UP Polls: Jats, Dalits, Muslims Take a Stand
NEW DELHI: It is not always that voters declare their intentions before polling day. But the Assembly elections in Uttar Pradesh this time with high stakes has three major communities of the constituencies in the western region declaring their intent very openly. And except for tactical voting in specific constituencies where the candidates of chosen parties are not up to the mark, these three groups seem to be very clear about where they are going, and/or where they are not going.
The first to know their mind were the Dalits who responded proactively to the Bahujan Samaj Party campaign that was first to penetrate the rural areas, with Mayawati declaring her candidates far ahead of the others in the fray. Dalits, usually quiet, came up to this writer voluntarily and did not hesitate to say they would be voting for Behenji when the question was raised.
Dalits in BJP muscle man Sangeet Som’s constituency Saldana were also very vocal about voting for the ‘haathi’ the BSP symbol. The women sitting outside their little tenements were not as honest, but indicated the same saying, “the present MLA has done nothing for us, no one does anything for us.” An elderly man who said he had a small business said they would be voting for Mayawati. Asked why they had deserted her in the Lok Sabha elections he laughed and said, “well we had to teach her a lesson, we have done that, now we will vote for her.”
In 2014 the Dalits had been silent, with the youth in particular mesmerised by the promises made at the shock and awe rallies by Prime Minister Narendra Modi. This time there is no such impact, in fact the reverse with demonetisation, and the Dalit vote seems to have consolidated behind Mayawati.
The Jat vote, dominant in the districts of UP, is categorical too not so much about whom it will vote for, but more about the political party it will not vote for. The BJP that has been unable to reward the Jats with reservations, jobs, subsidies after the Muzaffarnagar violence is today clutching at the wrong end of the stick.

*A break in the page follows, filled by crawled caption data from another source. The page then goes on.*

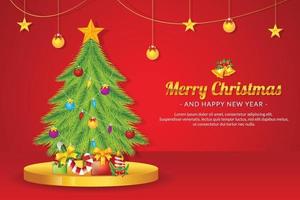 Christmas tree, greeting card template vector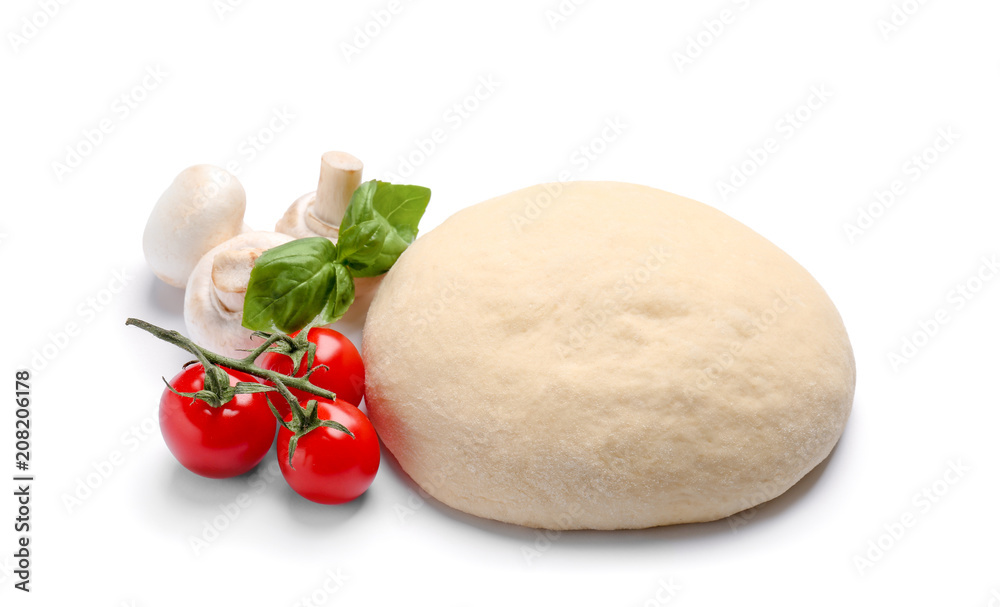 Ingredients for tasty pizza, isolated on white Ingredients for tasty pizza, isolated on white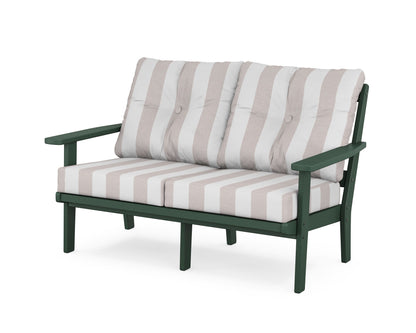 POLYWOOD® Oxford Deep Seating Loveseat in Green / Cabana Stripe Dune Burlap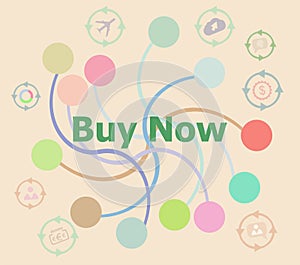 The word buy now on digital screen, business concept . Futuristic graphic user interface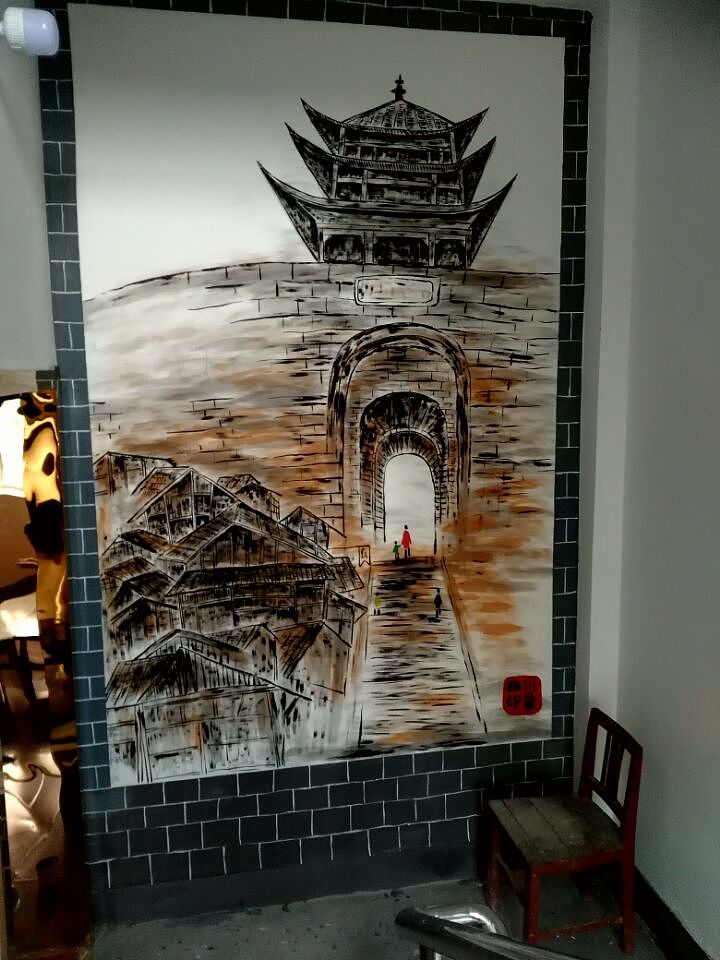 小蒙铜锅涮(中国铜锅)全国连锁,墙体彩绘
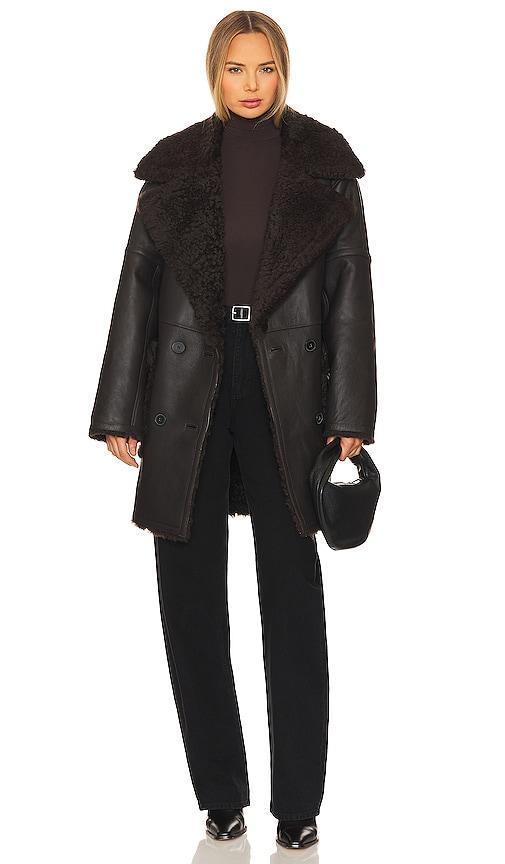 Citizens of Humanity Elodie Shearling Coat in Brown Product Image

Jats from Haryana arrived to hold a meeting, and the word that has spread like wildfire since is, “do not vote for the BJP, teach them a lesson.” Although it remains to be seen whether this sentiment will hold.
This vote bank is looking favourably at the Rashtriya Lok Dal and Ajit Singh who has revived somewhat in the process. If he had joined the SP-Congress alliance as was initially rumoured, this gatbandhan would have swept through the west UP constituencies but now he is expected to do well. The Jats are keen to vote for “our own leader” this time around, and the RLD is hopeful of winning at least those seats where this community can influence the final tally. There is no sign as yet of other vote banks looking as positively at the RLD with Ajit Singh having lost much of his credibility with the voters.
The Muslims were confused initially, particularly when the Samajwadi family was slugging it out. After Akhilesh Yadav won the battle and got the symbol as well, the Muslim vote has consolidated behind the SP-Congress alliance. In fact it has consolidated across UP, with the minority community having made up its mind now ahead of the polls. It is vocal, and supportive.
Except in some constituencies where the BSP candidate is strong, the Muslim has by and large gone over to the gatbandhan en bloc.
Victory for the BJP lies in keeping these communities apart, and getting in a sizeable section of the other backward, upper caste votes in for its candidates. Victory for the others lies in consolidating these respective vote banks and then adding the vote of other communities like Yadavs, youth across castes,other backwards, Brahmins etc to the pool. This is what all are working at with the gatbandhan focusing for instance on development to attract the youth across all castes. Success will of course, be determined by the voters.